* [Task goal] Each record should be written out exactly as given.

··· Material for this task ···

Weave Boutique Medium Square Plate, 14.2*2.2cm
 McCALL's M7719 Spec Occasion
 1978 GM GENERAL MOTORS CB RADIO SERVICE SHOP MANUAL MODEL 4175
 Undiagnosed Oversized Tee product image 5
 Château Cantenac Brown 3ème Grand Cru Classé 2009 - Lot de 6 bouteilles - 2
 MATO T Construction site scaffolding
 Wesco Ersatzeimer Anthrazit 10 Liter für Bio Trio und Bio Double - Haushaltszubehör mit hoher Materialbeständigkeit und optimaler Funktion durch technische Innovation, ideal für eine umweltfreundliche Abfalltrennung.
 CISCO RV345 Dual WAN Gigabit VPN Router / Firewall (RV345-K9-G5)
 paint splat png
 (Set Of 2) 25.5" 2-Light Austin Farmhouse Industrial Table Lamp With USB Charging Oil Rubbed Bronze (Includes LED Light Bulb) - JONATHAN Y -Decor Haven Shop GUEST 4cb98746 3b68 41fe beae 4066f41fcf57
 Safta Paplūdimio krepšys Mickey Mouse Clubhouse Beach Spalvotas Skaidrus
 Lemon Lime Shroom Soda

···

* [Solved exercise]
Weave Boutique Medium Square Plate, 14.2*2.2cm
 McCALL's M7719 Spec Occasion
 1978 GM GENERAL MOTORS CB RADIO SERVICE SHOP MANUAL MODEL 4175
 Undiagnosed Oversized Tee product image 5
 Château Cantenac Brown 3ème Grand Cru Classé 2009 - Lot de 6 bouteilles - 2
 MATO T Construction site scaffolding
 Wesco Ersatzeimer Anthrazit 10 Liter für Bio Trio und Bio Double - Haushaltszubehör mit hoher Materialbeständigkeit und optimaler Funktion durch technische Innovation, ideal für eine umweltfreundliche Abfalltrennung.
 CISCO RV345 Dual WAN Gigabit VPN Router / Firewall (RV345-K9-G5)
 paint splat png
 (Set Of 2) 25.5" 2-Light Austin Farmhouse Industrial Table Lamp With USB Charging Oil Rubbed Bronze (Includes LED Light Bulb) - JONATHAN Y -Decor Haven Shop GUEST 4cb98746 3b68 41fe beae 4066f41fcf57
 Safta Paplūdimio krepšys Mickey Mouse Clubhouse Beach Spalvotas Skaidrus
 Lemon Lime Shroom Soda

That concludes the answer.